Friday, December 13, 2013
I've been delayed in publishing this report because I really wanted to show you some elevation profiles of the race, but with the course change and a longer distance than I'm used to drawing (I'm a 50km map drawing specialist ;) it became clear that I wouldn't finish.
So I present to you first a prediction of how you should fare in the Lookout Mountain 50 Miler presuming you've run the StumpJump 50k before. Just like the UpChuck50k report, I've found runners who have run both the LM50 and the StumpJump, averaged their times and used them to build a linear prediction model. I didn't find any recommended times from race management, so the red line has been omitted. Of course there's an obvious flaw in the model given the difference in race length when comparing the two, and another flaw would be if a runner who has not run a 50 miler before but has run the StumpJump may find their predicted time a little ambitious.
And just like the StumpJump50k report, here are a few interesting graphs which you might want to peruse before the race..
Monday, November 25, 2013
What follows is an analysis of finishing times for runners who have finished both the StumpJump and the DRT 50km races.

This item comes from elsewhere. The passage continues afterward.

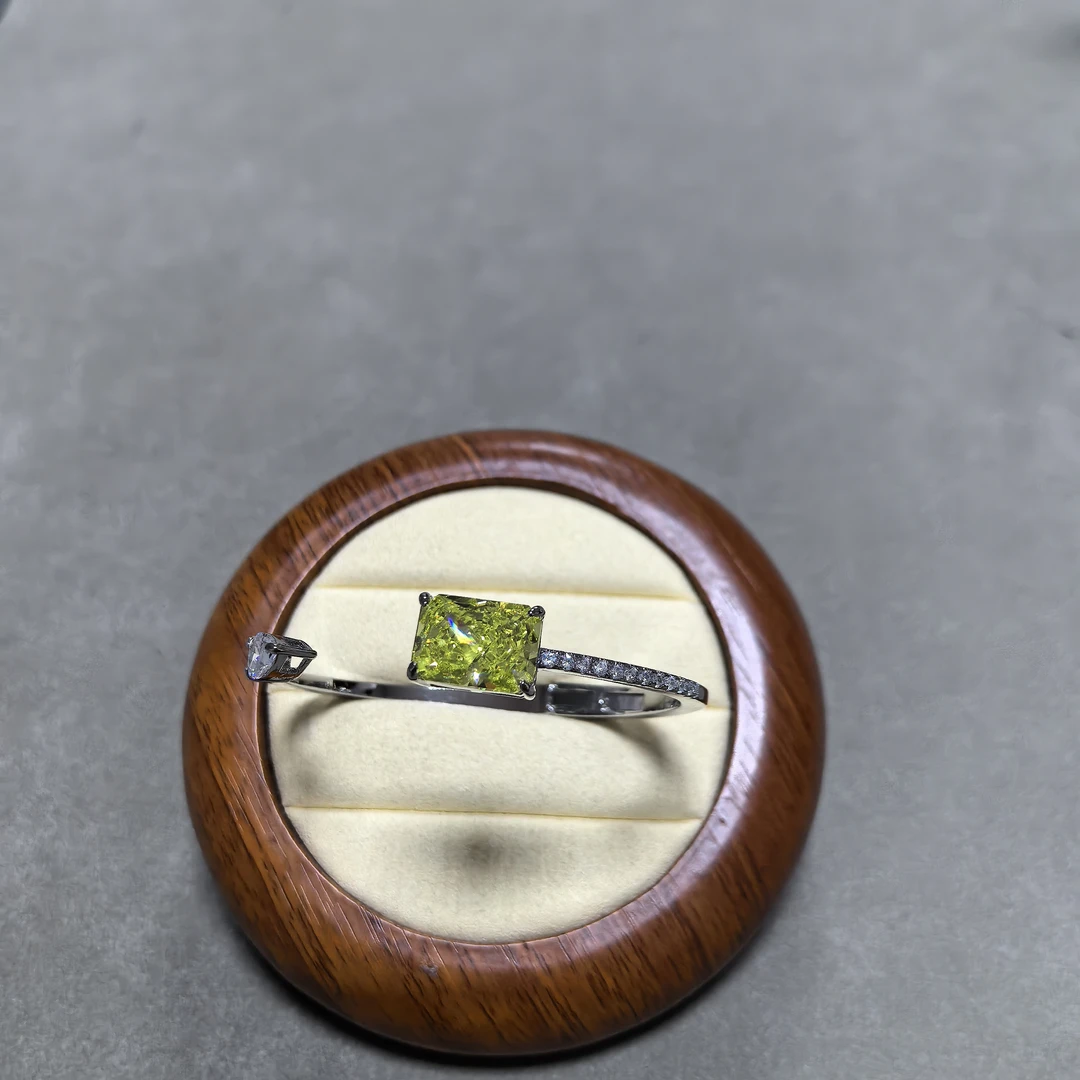 【经典永恒  光芒四射】手镯 GDJ3340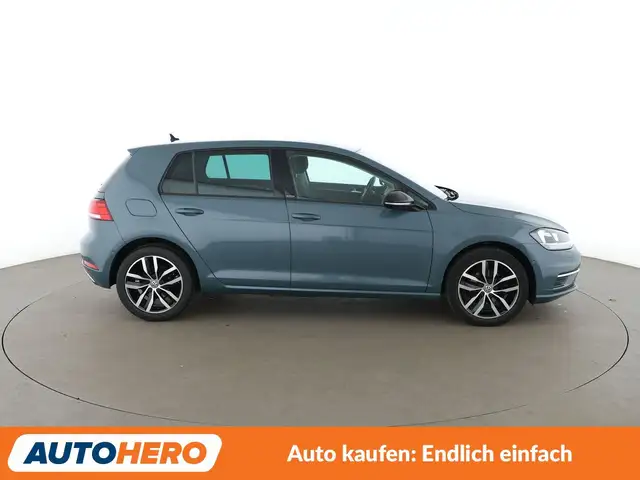 Volkswagen Golf view 7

Given how fast you ran the StumpJump, how well should you expect to do in the DRT? Someone recommended adding two hours to your StumpJump time, but is that true? Let's look at the data. Taking all the finishing times for those runners who have finished both races, averaging their results if they've run more than once, we plot DRT time versus StumpJump time. Stumpjump times are on the X axis (independent variable), DRT on the Y axis (dependent variable). Although the DRT 2013 results are in, let's look at how good a prediction adding two hours to your StumpJump time stacks up against a linear model prior to 2013. What's a linear model? Simple, try and draw a straight line on a plot that goes through each of your data points. That's a linear model ;) Obviously this doesn't work if your data are not already in a straight line, but try and draw a line through the oval shape that closely resembles your data. That's a linear model, too :) Unfortunately as you'll see below, sometimes the shape of your data is weird. That's when your linear model doesn't really characterize your data, and using a linear model just becomes useless.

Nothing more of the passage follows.